◆ Data:
<<<<

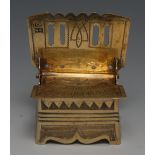A 19th Century Russian silver gilt salt chair, with pierced back,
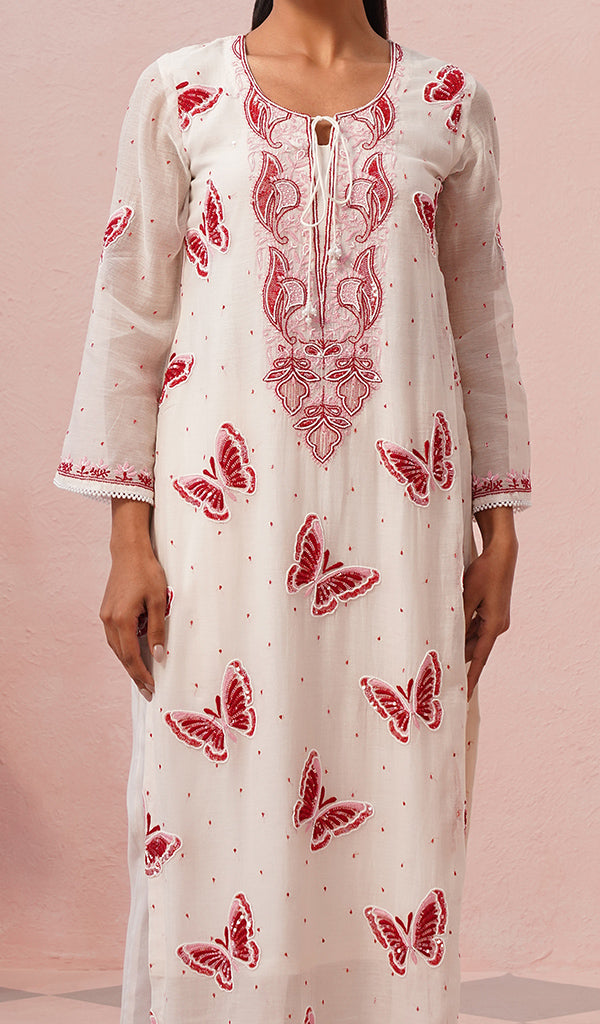 Titlee Women's Lakhnavi Handcrafted Mul Chanderi Chikankari Stitched Kurta, Dupatta And Pant Set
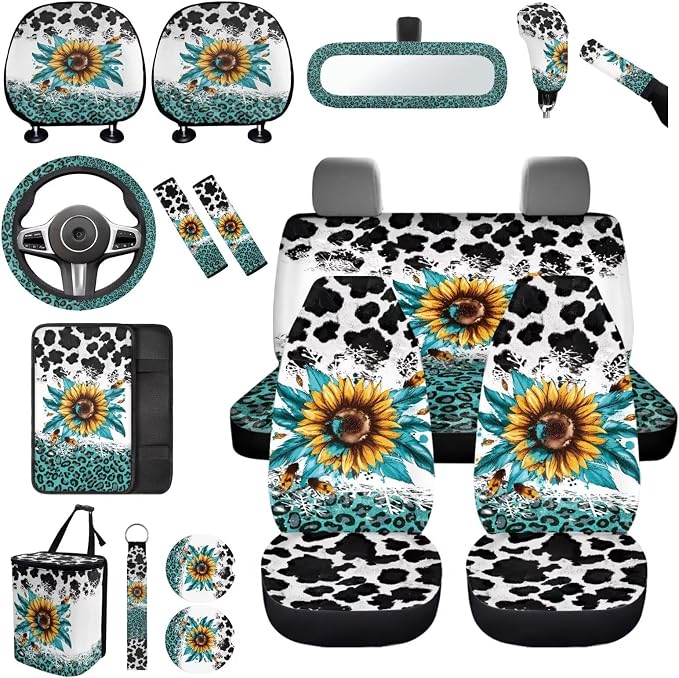 Cute Cow Print Car Seat Covers Full Set of 17 Pcs Sunflower Car Accessories for Women with Auto Headrest Covers Auto Steering Wheel Cover Keychains,Universal Automotive Interior Set Decor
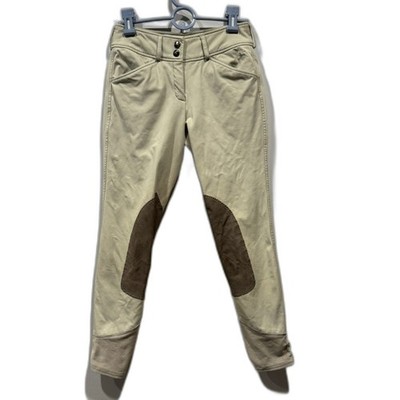 R.J. Classics Breeches Knee Patch Equestrian Riding Pants Beige Suede Women 24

>>>>

◆ Brief:
Your reply should restate the data above word for word and contain no pictures.

◆ Output of the task:
A 19th Century Russian silver gilt salt chair, with pierced back,
 Titlee Women's Lakhnavi Handcrafted Mul Chanderi Chikankari Stitched Kurta, Dupatta And Pant Set
 Cute Cow Print Car Seat Covers Full Set of 17 Pcs Sunflower Car Accessories for Women with Auto Headrest Covers Auto Steering Wheel Cover Keychains,Universal Automotive Interior Set Decor
 R.J. Classics Breeches Knee Patch Equestrian Riding Pants Beige Suede Women 24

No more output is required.